→ **Activity**
Output, word for word, the lines of this listing that fall between the line with "Cover of Corporate" and the line with "14 inch Fat", counting both of those lines, and no others.

→ **Provided data**
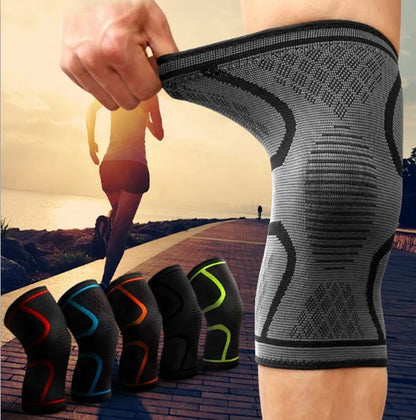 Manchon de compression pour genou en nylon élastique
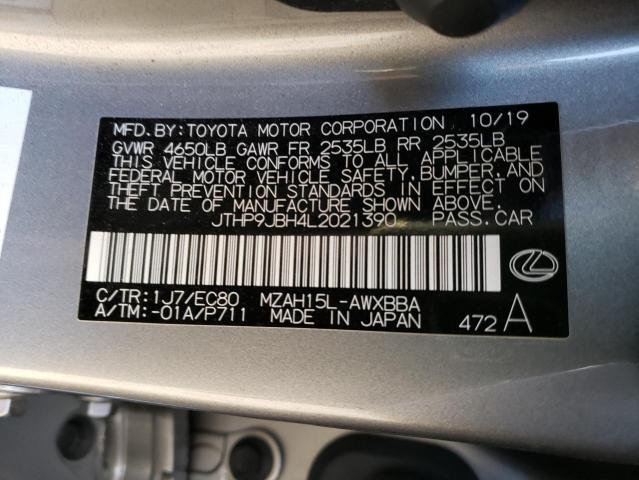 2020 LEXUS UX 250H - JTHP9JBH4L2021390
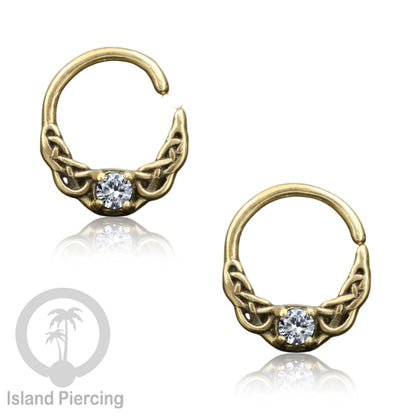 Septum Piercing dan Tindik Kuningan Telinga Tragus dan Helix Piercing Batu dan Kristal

* * *

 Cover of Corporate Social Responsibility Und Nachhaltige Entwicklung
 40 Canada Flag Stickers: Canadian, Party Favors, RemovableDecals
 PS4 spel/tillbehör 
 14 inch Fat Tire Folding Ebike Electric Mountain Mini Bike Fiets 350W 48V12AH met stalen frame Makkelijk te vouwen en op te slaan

→ **Task result**
 Cover of Corporate Social Responsibility Und Nachhaltige Entwicklung
 40 Canada Flag Stickers: Canadian, Party Favors, RemovableDecals
 PS4 spel/tillbehör 
 14 inch Fat Tire Folding Ebike Electric Mountain Mini Bike Fiets 350W 48V12AH met stalen frame Makkelijk te vouwen en op te slaan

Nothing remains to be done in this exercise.